S’agissant de l’aide au développement fourni par les Etats Unis d’Amérique au continent Africain, elle demeure modeste sans impact conséquent comparée à celle fournie à l’Afghanistan, Israël, l’Irak et l’Égypte.

Au regard de la stratégie de combattre sans relâche les Organisations Extrémistes Violentes (ISIS-Daesh, AQMI, Boko Haram, Al-Shabab, Etc), le Président Biden renforce, incontestablement, sa coopération avec les Pays de l’Afrique subsaharienne et de l’Afrique du Nord, en particulier avec l’Algérie dont l’expertise de lutte contre le terrorisme et le crime organisé est avérée.
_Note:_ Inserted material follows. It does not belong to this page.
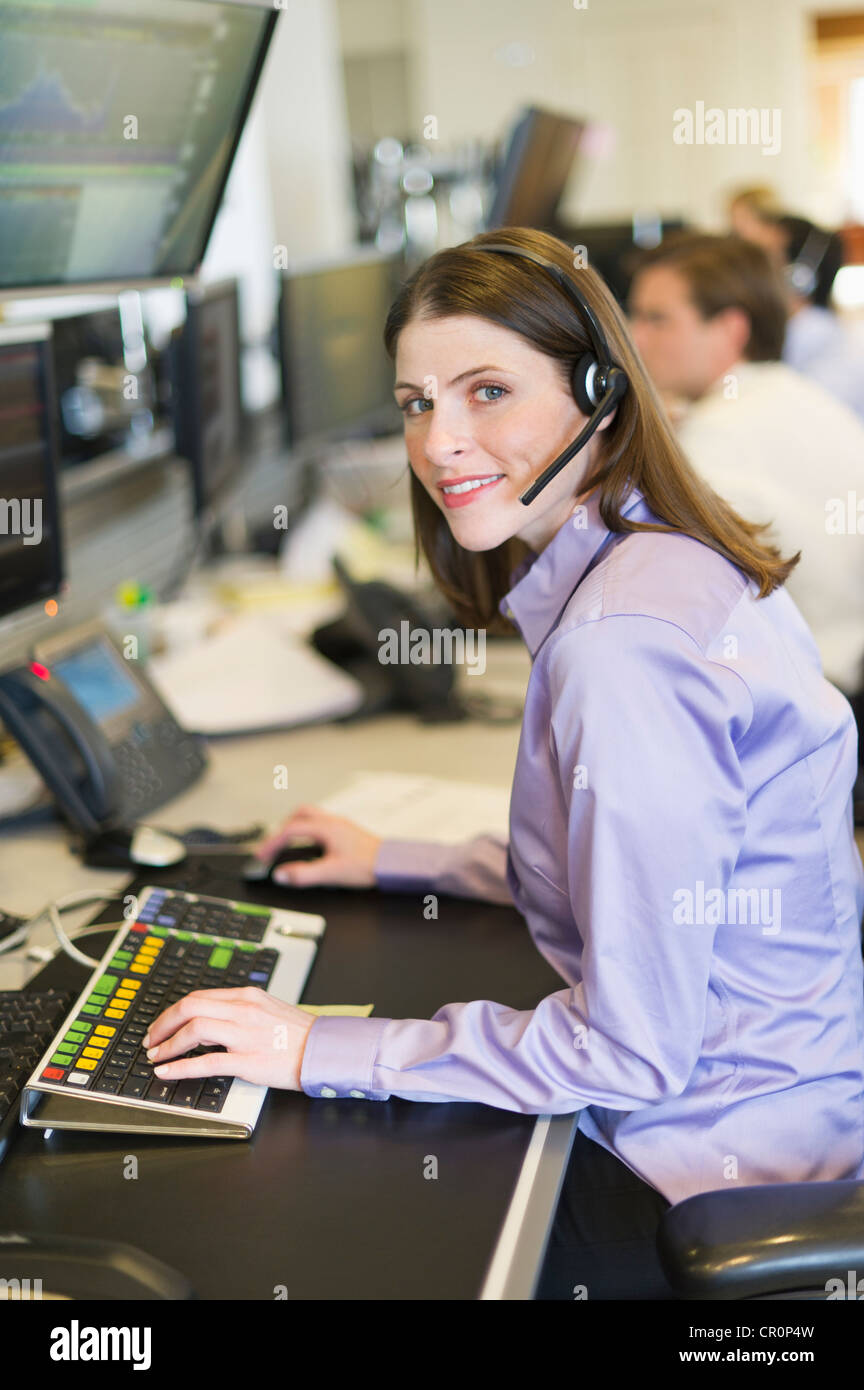USA, New York, New York City, Portrait of female trader at trading desk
A mon sens, l’administration Biden fait de sorte à consolider voire renforcer les forces américaines en Afrique par la formation de forces de sécurité locales et par conséquent augmenter ses budgets.
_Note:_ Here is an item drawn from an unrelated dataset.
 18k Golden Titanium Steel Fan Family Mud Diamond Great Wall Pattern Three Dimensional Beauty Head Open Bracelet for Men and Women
Concernant l’Algérie, en particulier, il est claire que les relations bilatérales ne font  que se consolider sous l’administration Biden. Ceci est surtout conforté par l’engagement indéfectible de l’Algérie dans la lutte contre les Organisations Extrémistes Violentes dans l’espace Sahélo-Saharien,

la Non-Prolifération des Armes de Destruction Massive dans la région MENA, et ses efforts dédiés à sa contribution à la stabilisation de la région Afrique du Nord-Sahel par des processus de dialogue et de réconciliations politiques inclusifs (cas de la Libye et du Mali) et du soutien irrévocable et continu à l’autodétermination du Sahara Occidental. De plus, les relations économiques, notamment, dans le secteur de l’Energie, entre l’Algérie et les Etats-Unis d’Amérique qui ont traditionnellement été fluides ne peuvent être qu’un élément de convergence futur.